There's usually an underlying distributional assumption.
And one is usually trying to estimate parameters, at least in traditional/frequentist statistics.
@FaheemMitha Outliers can also force us to reexamine our premises. For example, if we hypothesize that there are no human beings who are three meters tall, and then we find one who is 2.9 meters tall, even though we prove the hypothesis we might suppose that there could possibly be humans who are 3 meters tall.
@Robusto Sure. It depends on what one is trying to do.
@FaheemMitha This is fun and all to talk about in chat, but if you ever find yourself with a set of data to analyze and you just throw out outliers, I'd be very concerned as either the consumer or as the one asking for your analysis.
20:11
Sounds like Biden is 3M votes ahead and gaining even more edge?
Which site do you use to monitor election results?
Let's hope so.
@Mitch Actually, statisticians throw out outliers all the time.
But I think you're right.
It's often not such a big deal.
@M.A.R. The Guardian. Which is itself following the AP.
@FaheemMitha In the situation we were discussing, actual statistics on countries, no, it is rare to throw out a country statistic, as long as the underlying data is not cooked or otherwise tampered with.
20:13
He needs 22 electoral votes to win.
They train me constantly to do t-tests and throw the outliers out, but there's a known mu in this occasion
@Mitch No, I was talking about wealth distributions. So the outliers that would be thrown out would be individuals.

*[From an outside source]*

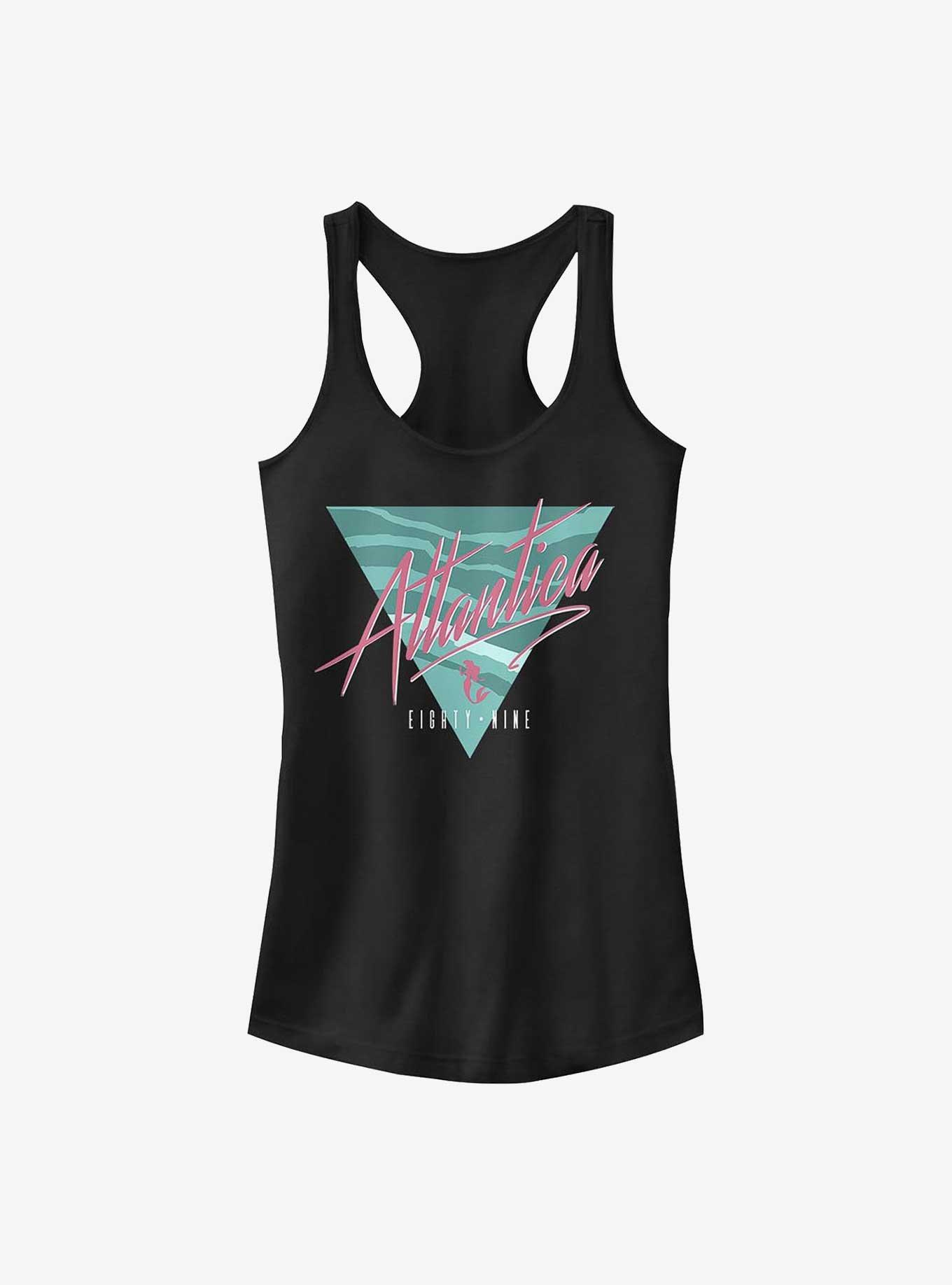 Disney The Little Mermaid Retro Atlantica 89 Logo Girls Tank, BLACK, hi-res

Why would you throw them out if they are outliers?
Whether it would make sense or not, I don't know.
The thing about statistics that confounds people is that wealth is concentrated in the outliers.
20:14
@Mitch Because they are uncharacteristic of the distribution.
I'm talking about extreme values here, obviously.

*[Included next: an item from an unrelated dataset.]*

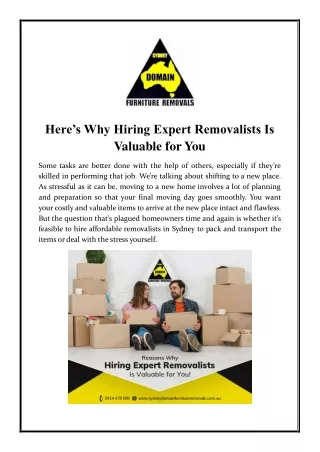 here s why hiring expert removalists is valuable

ugh. you don't -know the distribution yet.
@Mitch You make a modelling assumption and then try to fit the parameters.
??
Though that's not actually what the Gini does. But I was speaking generally.
Take it over to Cross Validated
20:16
If the tallest man in the world walks into a room full of 100 people, the average height of the people in the room will not change markedly. On the other hand, if Jeff Bezos (worth ~$200,000,000,000) walks into the same room, the average wealth increases by a couple billion dollars.
When you're talking about comparing one country to another, you're just doing descriptives. THere's no modeling or inferencing going on. it's just "A is bigger than B." Done.
If you're modeling health spending vs avg death age, you see that the US is -way- off line, yeah you say "Here is the model without the US, (and here is a speculation as to why it's so weird)
@Mitch Let me go on the record here by saying that I don't want to live in Zimbabwe. No matter what.
@Robusto Maybe you're judging too soon?
We can renew my vows yearly.
Actually, this is a moot point, because the Gini coefficient obviously doesn't use individual values, anyway. That would be impossible, because nobody knows them.
20:20
There are measures (statistics) that are -robust- to outliers (eg use the median instead of the mean for @Robusto's example).
They must be using some sorts of range estimates, because that's all the information that is available.
 
3 hours later…
23:19
@Mitch "individual worth profile"
What did you mean by that, exactly?
The EU has a Gini of 0.30, whereas the USA has 0.47.
The lowest American state, Utah, has 0.40. New York is more like 0.55.
The world's top 20 lowest countries are all in Europe (a few outside the EU, like Ukraine and Belarus).